Obviously, by using the Definition 3 with identical weights \(\omega (u) = \omega (v)\).

   \(\square \)

Theorem 3

Let \(\mathcal{D}_{d,h}\) be a Dendrimer graph, with \(d \ge 2\) and \(h \ge 0\). Then:

• If \(n^\prime \) is even:

$$\begin{aligned} TW(\mathcal{D}_{d,h}) = n^\prime d^{2h} \bigg [(d-1)^2 \bigg (\frac{1}{8}n^{\prime 2}+n^\prime (h+1) \bigg )-d \bigg ]+n^\prime d^h \end{aligned}$$

(15)

• If \(n^\prime \) is odd:

$$\begin{aligned} TW(\mathcal{D}_{d,h}) = n^\prime d^{2h} \bigg [(d-1)^2 \bigg ( \frac{1}{8}(n^{\prime 2}-1)+n^\prime (h+1) \bigg )-d \bigg ]+n^\prime d^h \end{aligned}$$

(16)

Proof

The core \(\mathcal{D}_0\) of the Dendrimer graph contains a cycle of order \(n^\prime \). In the case of an even \(n^\prime \), it is easy to observe that an edge e of the cycle \(\mathcal{C}\) of \(\mathcal{D}_{d,h}\) is in relation \(\theta \) with its antipodal edge on \(\mathcal{C}\) and if the order of the cycle is odd, then all the edges will be in the same \(\theta ^*\)-class.

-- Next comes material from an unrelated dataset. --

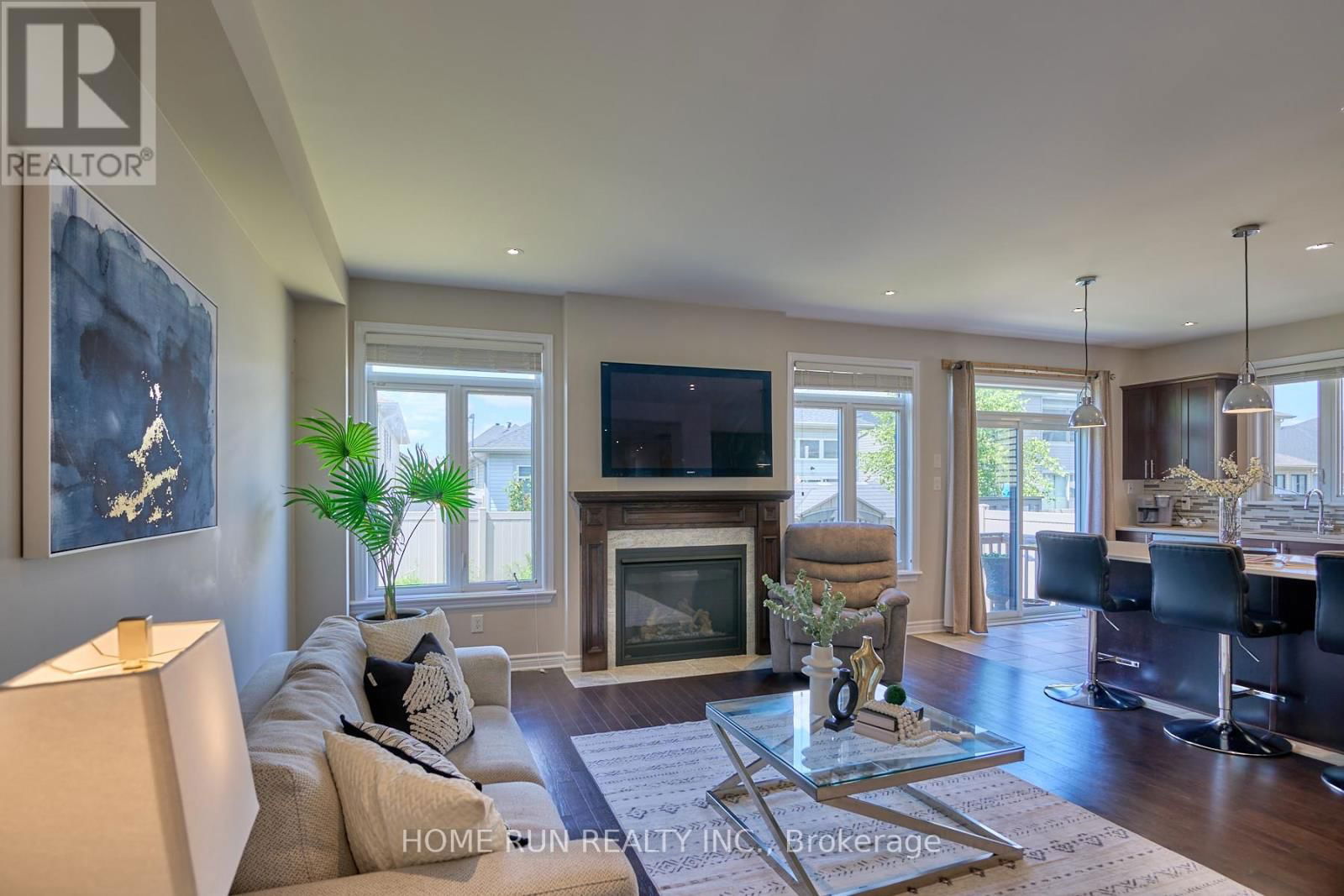 350 HALIBURTON HEIGHTS Image 9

Now, we determine the corresponding weighted graphs of the dendrimer graph \(\mathcal{D}_{d,h}\): In category A, we represent the weighted graphs obtained by removing an edge that doesn’t belong to the cycle of the core \(\mathcal{D}_0\), and category B contains the weighted graphs obtained by removing an edge or all the edges of the cycle of the core \(\mathcal{D}_0\).

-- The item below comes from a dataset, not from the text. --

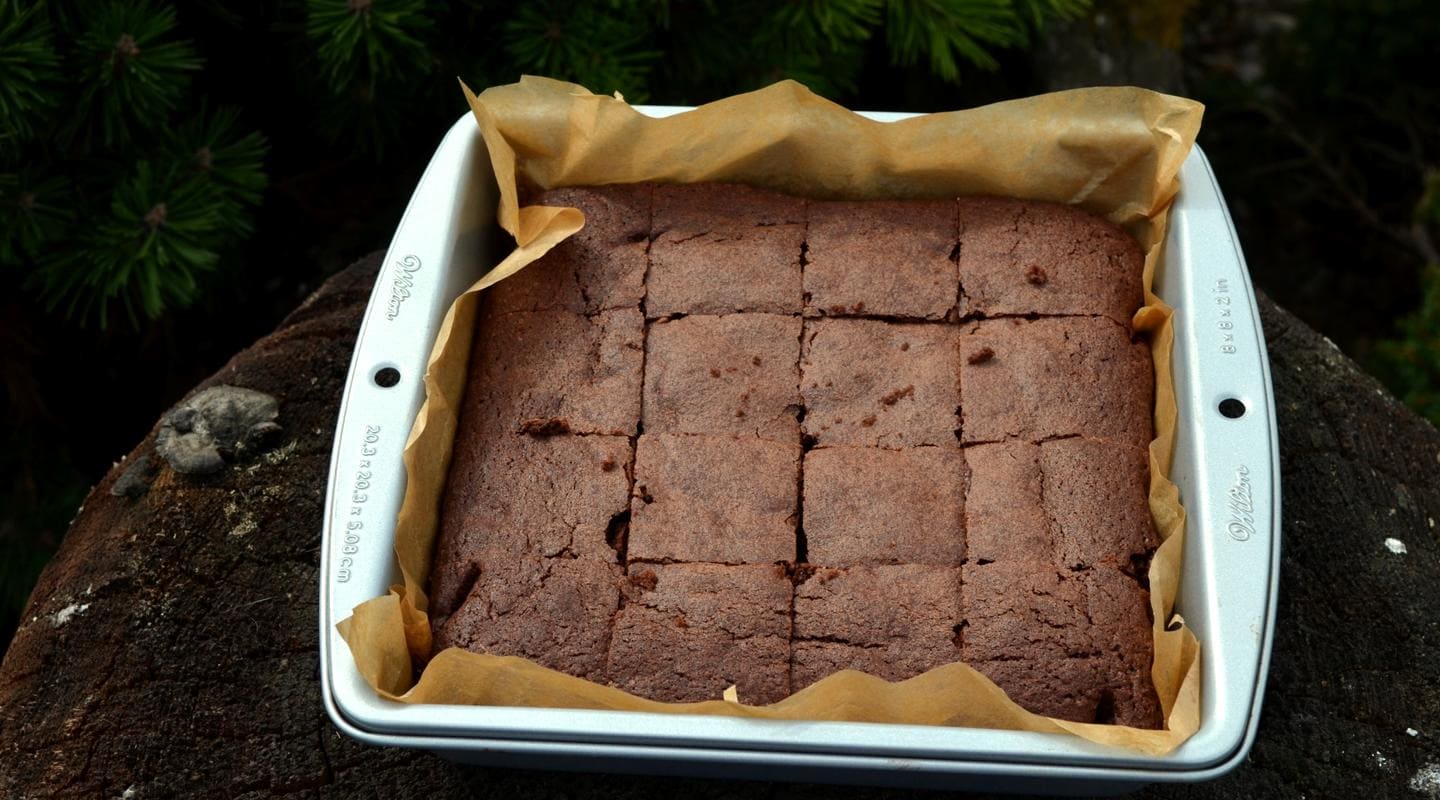 Brownies recept – nakrájené čokoládové brownies ve formě 20 × 20 cm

Each weighted graph from the category A is repeated \(d^i(d-1)n^\prime \) times with \(0\le i \le h\), and if we are in the case of an even cycle, the weighted graph from the category B, that is in the top, is repeated \(\frac{n^\prime }{2}\) times.

Then, we apply the Theorem 1 with the above representations, the Lemma 3 and the structural properties of \(\mathcal{D}_{d,h}\):

• if \(n^\prime \) is even

  $$\begin{aligned} TW(\mathcal{D}_{d,h})&= \frac{n^\prime }{2}\bigg [ \frac{p_h}{2}\frac{p_h}{2}\bigg ]+\sum _{i=0}^h d^i(d-1)n^\prime \bigg [ \frac{p_h}{n^\prime (d-1)d^i}*\bigg (p_h-\frac{p_h}{n^\prime (d-1)d^i} \bigg ) \bigg ] \end{aligned}$$

• if \(n^\prime \) is odd

  $$\begin{aligned} TW(\mathcal{D}_{d,h})&= \bigg ( \frac{p_h}{n^\prime } \bigg )^2 \bigg (\frac{1}{8}n^{\prime 3}-\frac{1}{8}n^\prime \bigg )+\sum _{i=0}^h d^i(d-1)n^\prime \bigg [ \frac{p_h}{n^\prime (d-1)d^i}\bigg (p_h-\frac{p_h}{n^\prime (d-1)d^i} \bigg ) \bigg ] \end{aligned}$$

Which yield the Eqs. 15, 16, respectively.    \(\square \)

Table 2. The numerical result of the Terminal Wiener index of the dendrimer graph \(\mathcal{D}_{d,h}\)

The Numerical Result: In Table 2, we present some values of the Terminal Wiener index of the Dendrimer graph \(\mathcal{D}_{d,h}\). Such that, we take into consideration the parity of \(n^\prime \). In general, this measure shows an increasing change by modifying the values of parameters.

5 Concluding Remarks

The computation of topological indices is an important task in the study of structural properties of networks. In this paper, we have calculated the Terminal Wiener index of two hierarchical networks: the Dendrimer tree and the Dendrimer graph. In order to show the computational complexity of this index, we have investigated two methods of computation. The first method is based on a re-formula of the Terminal Wiener index and its complexity is dominated by computing all shortest paths at a given distance. The second method is based on the edge-partitions and its efficiency is in the fact that it reduces the original network into smaller components and avoids the computation of all shortest paths.